Eating out for dinner should be an enjoyable experience. Eating delicious food, maybe with a bottle of wine, in good company is something we all look forward to. A lot of health-conscious people worry about the food you get when eating out. How can you protect your coronary arteries and still have a great meal?  Well here are some tips for eating out. 

First and foremost, be sensible. If you don't eat out a lot, and eat healthily at home, don't worry too much about the odd indulgence. Relax and enjoy yourself!

Remember your food groups

A balanced diet is made up of foods from five groups:
1. Cereals and starchy foods
2. Fruits and vegetables
3. Milk and dairy products
4. Meat and high protein foods
5. Fatty and sugary foods

The first group includes things like bread, rice, pasta, muesli, porridge and potatoes. About one third of your diet should come from this group. Another third should come from the second group. Getting a good variety or fruits and vegetables is important. Eating the same thing every day isn’t as healthy as getting a wide variety. Groups 3 and 4 should make up most of the remainder of your diet. Dairy gives you calcium and some protein, so don't cut it out altogether. The same rule applies to meat and high protein foods. A lot of red meats have high amounts of saturated fat. Make sure you eat lean cuts. Try to avoid foods from group 5 except on special occasions.

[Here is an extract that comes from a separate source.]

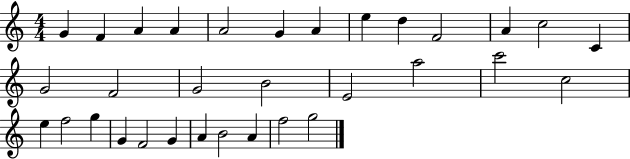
G4/q F4/q A4/q A4/q A4/h G4/q A4/q E5/q D5/q F4/h A4/q C5/h C4/q G4/h F4/h G4/h B4/h E4/h A5/h C6/h C5/h E5/q F5/h G5/q G4/q F4/h G4/q A4/q B4/h A4/q F5/h G5/h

Eating out: practical tips

When you're waiting for your food, if bread is offered eat it but avoid the butter. For a starter order something light like a melon or other fruit. Seafood is fine too, but not if it's covered in a fatty sauce. Ask for the sauce on the side and dip sparingly. For the main course, try to stick with grilled fish, chicken or turkey. Avoid fatty meats and get sauces on the side. Restaurant sauces are often crammed full of saturated fat.

Don't make the common mistake of thinking that vegetarian options are always healthy. If it's made with coconut or palm oil that will bump up the saturated fatty acid content. When it comes to vegetables, try to eat lots but keep an eye out for those sautéed in butter or oil. Go for boiled or baked potatoes over chips, roast or sautéed potatoes.

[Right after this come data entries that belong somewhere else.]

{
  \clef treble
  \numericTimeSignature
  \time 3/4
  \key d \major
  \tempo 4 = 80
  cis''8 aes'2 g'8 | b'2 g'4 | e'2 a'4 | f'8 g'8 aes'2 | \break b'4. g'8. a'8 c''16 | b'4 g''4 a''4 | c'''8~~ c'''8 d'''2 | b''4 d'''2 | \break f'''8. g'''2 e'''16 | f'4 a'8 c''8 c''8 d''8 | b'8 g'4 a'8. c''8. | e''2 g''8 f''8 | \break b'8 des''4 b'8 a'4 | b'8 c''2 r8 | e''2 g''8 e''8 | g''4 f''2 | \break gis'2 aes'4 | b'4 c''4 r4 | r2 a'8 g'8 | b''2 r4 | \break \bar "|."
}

Salad is great but the devil is in the sauce or dressing. Creamy, rich salad dressing is crammed with saturated fat, stick to balsamic and a little olive oil. Ask to have it on the side and use sparingly.

Mediterranean food has a well-justified reputation for being healthy. But, unless you're actually in Italy or Greece – beware! Anglicized Mediterranean food often isn’t as healthy as the real thing. Ask the waiter how it's been prepared and which oil has been used.

Asian and Indian food

With Asian cuisine, keep an eye on oil content. Dishes that are lightly stir-fried are usually pretty healthy but watch out for deep-fried things like spring rolls, poppadoms and samosas.

Eat lots of rice, vegetables, chicken and seafood. Avoid lamb and pork because they are higher in fat than other meats.

Indian food can be very fatty due to the use of Ghee, which is like super-high-fat butter. Food dry-cooked in the Tandoor oven usually has lower-fat content than dishes that come with rich sauces. That means eating Chicken Tikka rather than Chikka Tikka Masala. If you do like saucy Indian food – try choosing one with a tomato-based sauce like Vindaloo or Jalfrezi. Kormas are made with coconut, cream and nuts – all full of saturated fats.